物語の主人公は二人。ひとりは高校3年生の守備的ミッドフィルダー、浅海匠。技術精度は高く、ボールコントロールやパスの精度はプロに迫る。しかし判断スピードと視野の不足から、勝負の局面で一歩遅れる。勝利への執念は人一倍ながら、その執念ゆえに限界に苛まれている。もう一人は匠と同じ高校に通う1年生のITオタク、御影瞬一。基板をいじり、ドローンを改造し、アルゴリズムを組むことに快感を覚える探求心の塊だ。彼らは学校で偶然出会い、やがて「勝利」という一点で奇妙な共闘関係を結ぶ。


第1巻で描かれるのは、瞬一が仕掛ける反則すれすれのテクノロジーによる“補助脳”だ。

ドローンによる俯瞰映像をAIが解析し、それを匠の手首の包帯に隠したウェアラブルデバイスへ電気刺激で情報を伝達する。いわばピッチの“上空の目”を借りることで、彼は一瞬先を読む選択肢を得る。もちろんこれはサッカー規則の外側にある行為だ。だが、そこに描かれるのは「反則かどうか」ではなく「勝つためにどこまで踏み込むのか」という倫理と執念の交差点である。


印象的なのは、デバイスを使えば誰でも勝てるわけではないという点だ。匠は情報を受け取るだけでなく、その情報を理解し身体操作に落とし込むために徹底したトレーニングを積む。単なるズルではなく、「情報と肉体を統合する」過程そのものが苛烈な挑戦として描かれるのだ。これが、皮肉なことに物語に正統なスポーツマンガとしてのカタルシスを与えている。


だが、対戦相手チームもスポンサー企業の息がかかった不正まがいの補強が行われていたり、主人公たちの“禁じ手”はむしろ対抗手段として読者に受け入れられる説得力がある。仲間たちの中にも「これは反則だ」と糾弾する者が現れるが、その声さえ物語を加速させる燃料となる。正義と不正の境界が揺らぐ中、読者はいつしか匠と瞬一に肩入れし、「何をしてでも勝ってほしい」と願ってしまう。タイトルにある「ミドルサード」は中盤のエリアを意味するが、そこが選手とテクノロジーの融合、そして倫理と執念の相克が試される実験場なのだ。


本作は単なるサッカーマンガではない。
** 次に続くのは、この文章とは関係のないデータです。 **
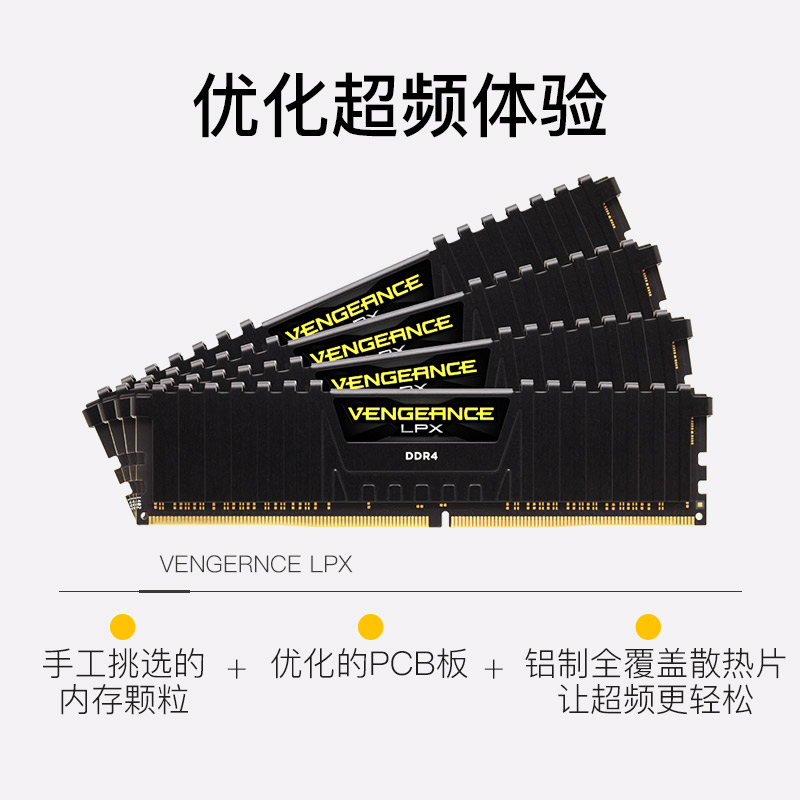 美商海盗船复仇者LPX系列 DDR4 3200MHz 台式机内存 马甲条 黑色 16GB 799元 - 86线报
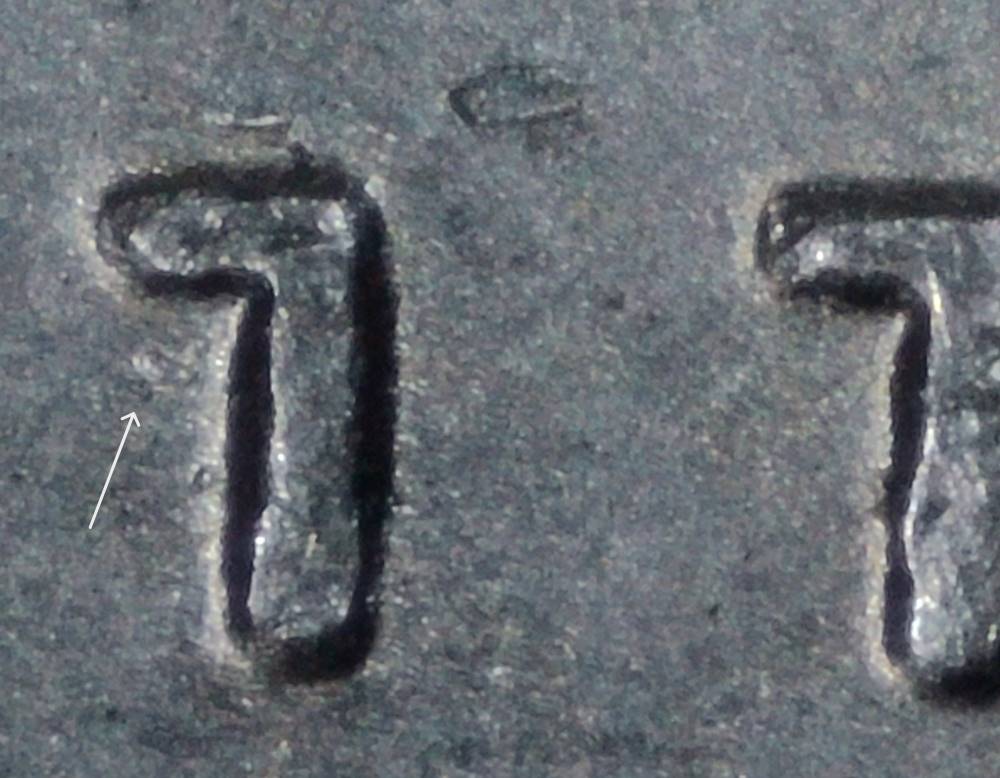 2023-P-Nickel:-WDDR-001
青春ドラマでもあり、倫理劇でもあり、そして近未来のスポーツテクノロジー論でもある。ギリギリ現実感のある最新テクノロジーを巧みに選び取り、それを人間の執念と結びつけることで、著者は「スポーツとは何か」という問いを真新しい形で提示している。


『ミドルサード シンギュラリティ』は、スポーツマンガのピッチを広げる革新的な作品だ。








というマンガが存在するテイで書評を書いてみた。